Mas é preciso reconhecer que a análise é difícil. É que não se pode falar “a” imprensa. Há muita diversificação entre os veículos, sendo a principal divisão entre os independentes e os chapa-branca. Estes são aqueles que só existem para fazer propaganda e/ou defender os interesses do governo, de políticos, de igrejas e de negócios setoriais. Vivem de verbas públicas ou de dinheiro colocado pelo patrocinador.
A imprensa independente é aquela que vive da notícia e, no caso da TV, do entretenimento. Vive no duplo sentido: tem que ser reconhecida como tal pelo público (credibilidade) e tem de ganhar dinheiro com venda em bancas, de assinaturas e de publicidade. A independência é editorial e econômica ao mesmo tempo.
Aqui, essa imprensa independente amadureceu ao longo da vida democrática pós-1985.
Tem várias características, algumas boas, outras ruins, mas há um ponto essencial. A imprensa brasileira não é bem agressiva, é atrevida. Nem sempre foi. Tornou-se atrevida, especialmente a política, em tempos relativamente recentes.
Por exemplo: alguns anos atrás, repórteres políticos não se atreveriam a perguntar a um ministro do STF quem estava pagando a viagem dele ao exterior — como foi a pergunta que tanto irritou Gilmar Mendes.
Na verdade, não é que não se atreveriam, nem lhes ocorria perguntar esse tipo de coisa. Parecia normal que autoridades tivessem privilégios, incluindo as famosas mordomias.
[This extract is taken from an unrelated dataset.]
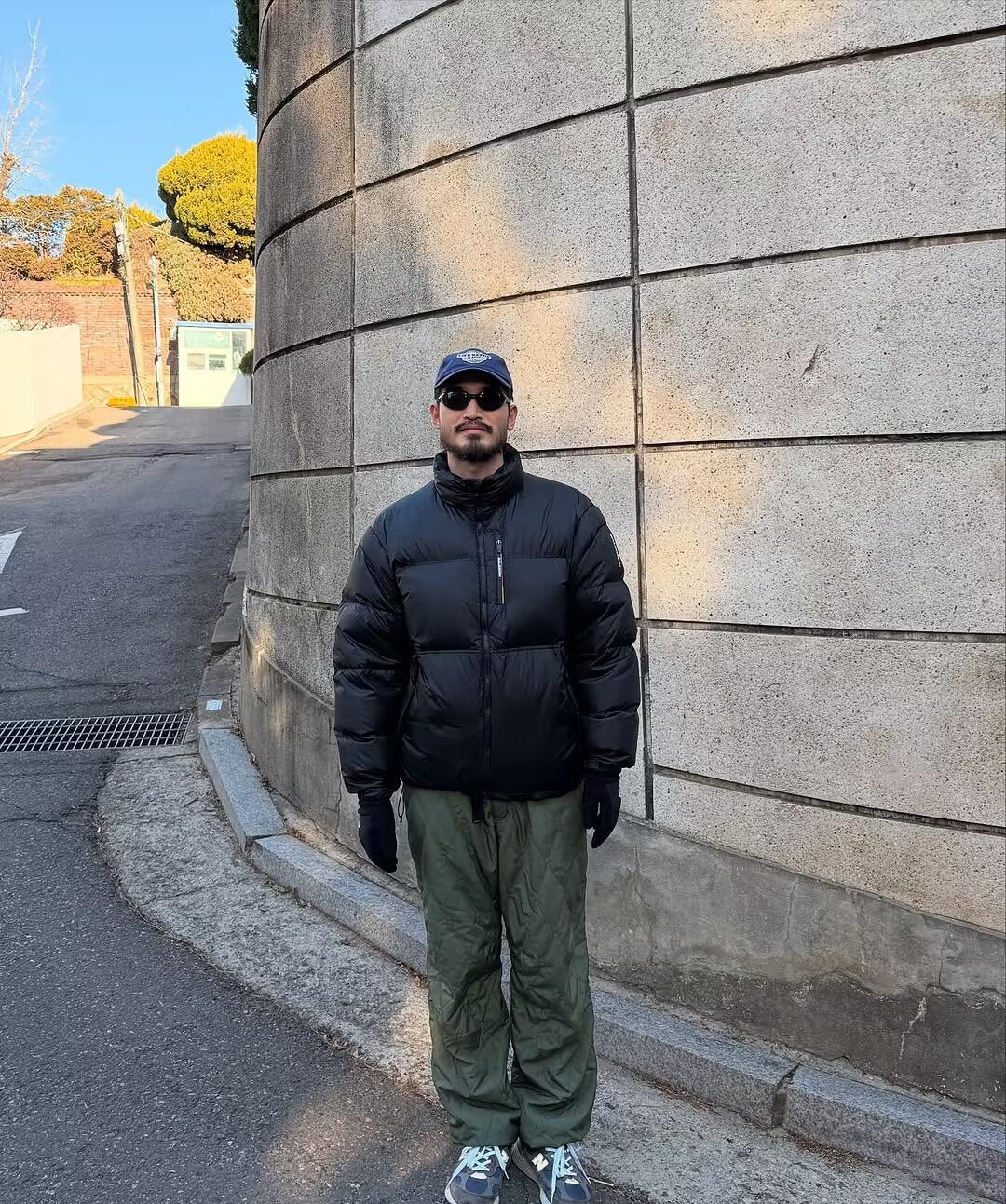 4091283f7c01b3ece3862c5a605bb4d0_1763606504_6161.jpg 4091283f7c01b3ece3862c5a605bb4d0_1763606504_6161.jpg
Também não era um vício apenas nacional. Na Washington de John Kennedy, todo mundo sabia que o presidente gostava muito de mulheres e que as recebia na piscina da Casa Branca quando Jacqueline não estava por perto. Jornalistas sabiam, alguns até participavam das farras — e não publicavam nada. Ao contrário, publicava-se que se tratava de um feliz casal presidencial.
Em Brasília dos anos 80 e 90, os jornalistas também sabiam das mazelas pessoais (amantes, rolos) e, digamos, profissionais dos políticos, tais como negócios paralelos. Não lhes ocorria publicar, mesmo porque muitos jornalistas desfrutavam de vantagens indevidas, como empregos no Congresso, em autarquias e estatais. Além de financiamentos especiais em bancos públicos.
A mudança forte começou a aparecer na passagem dos anos 80 para os 90. Repórteres mais novos começaram a publicar os privilégios, os bastidores, inclusive dos casernas — ou seja, as informações não oficiais, não autorizadas, mas obtidas por apuração e investigação independente.
Ao mesmo tempo, desenvolveu-se o jornalismo opinativo — outro que tanto incomoda as autoridades. Estas consideram uma impertinência quando jornalistas as criticam. Gilmar Mendes se irrita quando perguntam quem paga suas viagens e mais ainda quando jornalistas o criticam por mudar de posição ao sabor da política. Diz que são “jornaleiros” — ofendendo uma categoria do andar de baixo — de uma “imprensa opressiva”.
Mas, na democracia, quem decide se uma imprensa é boa ou não é o público, com sua audiência, sua leitura, seu respeito.
Não precisam me lembrar que a imprensa erra. Nós, jornalistas, sabemos disso melhor que os outros. Também sabemos reconhecer e corrigir.